¿Caputo y la apertura de importaciones? ¡Santa Fe estalla de furia! Descubre el escándalo que podría arruinar la ropa nacional.

La polémica en torno a las declaraciones del ministro de Economía de la Nación, Luis Caputo, sigue generando reacciones. Caputo afirmó públicamente que no compra indumentaria fabricada en Argentina, lo que provocó críticas desde diferentes sectores, incluyendo al gobierno de Santa Fe. El ministro de Desarrollo Productivo provincial, Gustavo Puccini, defendió la industria textil local y aseguró que las palabras de Caputo "hacen mucho daño".
El miércoles, en una nueva intervención, Caputo reiteró su apoyo a la apertura de importaciones en el sector textil, afirmando que una economía abierta beneficia a los ciudadanos al ofrecer ropa más barata, tanto nacional como importada.
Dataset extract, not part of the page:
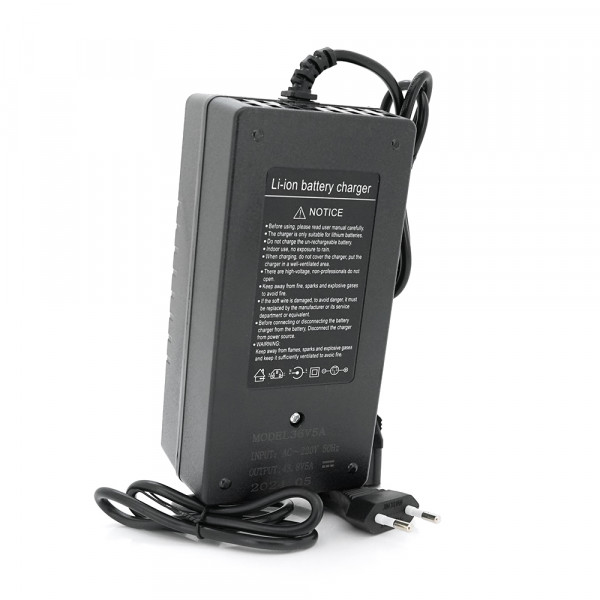 Зарядний пристрій для акумуляторів LiFePo4 36V (43.8V), 12S, 5A, штекер Triangle plug (T-tipe/C13/IEC) з індикацією.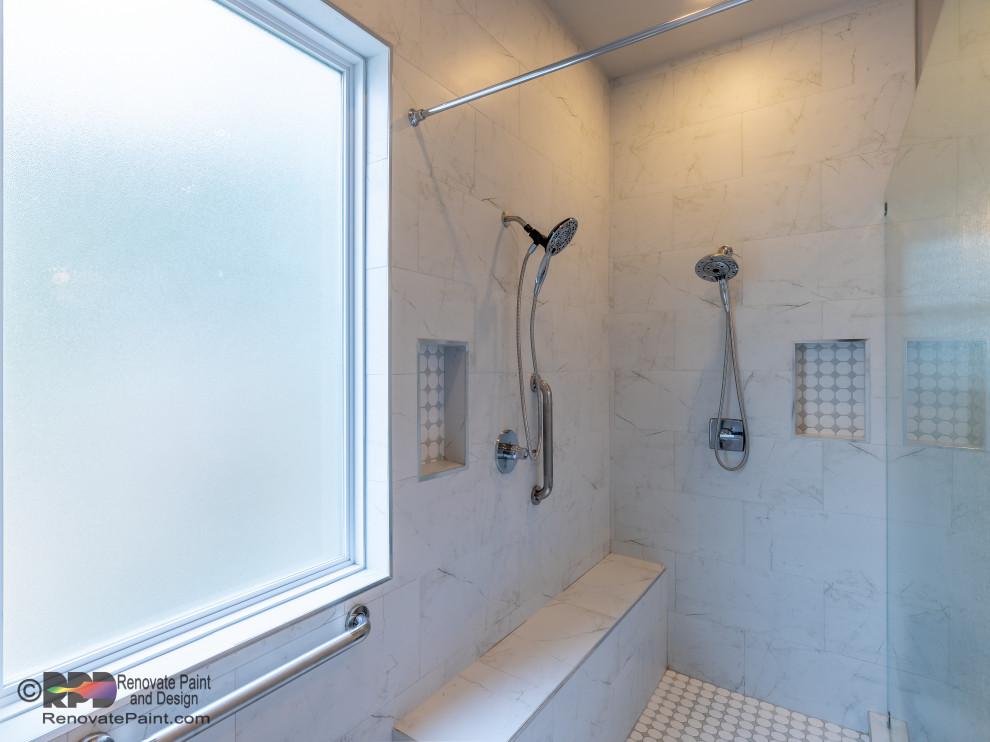 Idéer för stora funkis vitt en-suite badrum, med släta luckor, vita skåp, en öppen dusch, vit kakel, beige väggar, klinkergolv i keramik, ett undermonterad handfat, bänkskiva i kvarts, vitt golv och med dusch som är öppen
La controversia radica en que, al respaldar estas políticas, Caputo parece ignorar la realidad de la producción local.
Respuestas desde Santa Fe
El ministro Puccini criticó las declaraciones de su par nacional, señalando que “decir que nunca se compró ropa en Argentina es desconocer nuestra historia productiva y, prácticamente, desconocer la vida cotidiana del país”. Dotando de un contexto personal, Puccini recordó que su madre trabajó en empresas textiles, lo que le permite entender el impacto de la industria en las comunidades de la provincia.
El funcionario santafesino enfatizó la necesidad de reducir los impuestos que deben pagar los productores textiles argentinos para poder competir con productos importados. “La industria textil siempre ha pagado altos impuestos en nuestro país”, indicó, sugiriendo que la provincia ha implementado “novedosas propuestas” en la Ley Tributaria 2026 para disminuir esta carga tributaria.
Puccini dio a conocer el arraigo cultural y económico de la producción textil en Santa Fe, destacando que este sector no solo está presente en grandes ciudades como Rosario, sino también en pueblos y localidades más pequeñas. “Conocemos a los dueños, a los operarios y a las comunidades que dependen de esta actividad”, manifestó.
El ministro también cuestionó las comparaciones que Caputo hace entre las empresas argentinas y las de países que reciben subsidios y tienen menores cargas impositivas. “Es injusto comparar una empresa argentina con otra de países que cuentan con subsidios y políticas de apoyo distintas”, sostuvo.
En contraste con la postura nacional, Puccini subrayó la urgencia de una cooperación entre el Gobierno nacional y provincial. "Son momentos para cooperar, no para desvalorizar la producción local", expresó, sugiriendo que el gobierno central tiene herramientas clave para fortalecer el sector, como reducir cargas tributarias e invertir en infraestructura.
En un intento por ofrecer alternativas, Puccini aseguró que en Santa Fe se están poniendo a disposición financiamiento, ciencia aplicada y una agenda de apertura de mercados en conjunto con el sector privado, con un enfoque claro: "apoyar al que produce, no desalentar su trabajo".
Por su parte, Caputo continuó defendiendo su postura durante una entrevista, insistiendo en que “una economía abierta claramente favorece a la gente”. En sus declaraciones, mencionó que los ciudadanos pueden adquirir ropa argentina a precios accesibles, así como productos importados sin necesidad de viajar. En una de sus intervenciones, Caputo reveló que nunca ha comprado ropa en Argentina, y que su saco, de la marca Massimo Dutti, fue adquirido en Estados Unidos, describiéndola como “una casa buena relativamente barata”.
El ministro argumentó que las políticas de economía cerrada han llevado al país a 14 años sin generar empleo, 11 años sin crecimiento y a una pobreza del 57%. “Desde que llegamos, la ropa ha bajado sustancialmente”, subrayó, al tiempo que enfatizó que la controversia no se centra en estar “contra una industria o empresario en particular, es un tema de modelo”.
La discusión entre los funcionarios pone de manifiesto una tensión palpable en la política económica del país, donde la defensa de la producción local y la apertura de importaciones se encuentran en un delicado equilibrio. La respuesta de Santa Fe refleja una lucha por el reconocimiento de la industria textil argentina, vital para la economía y la identidad local.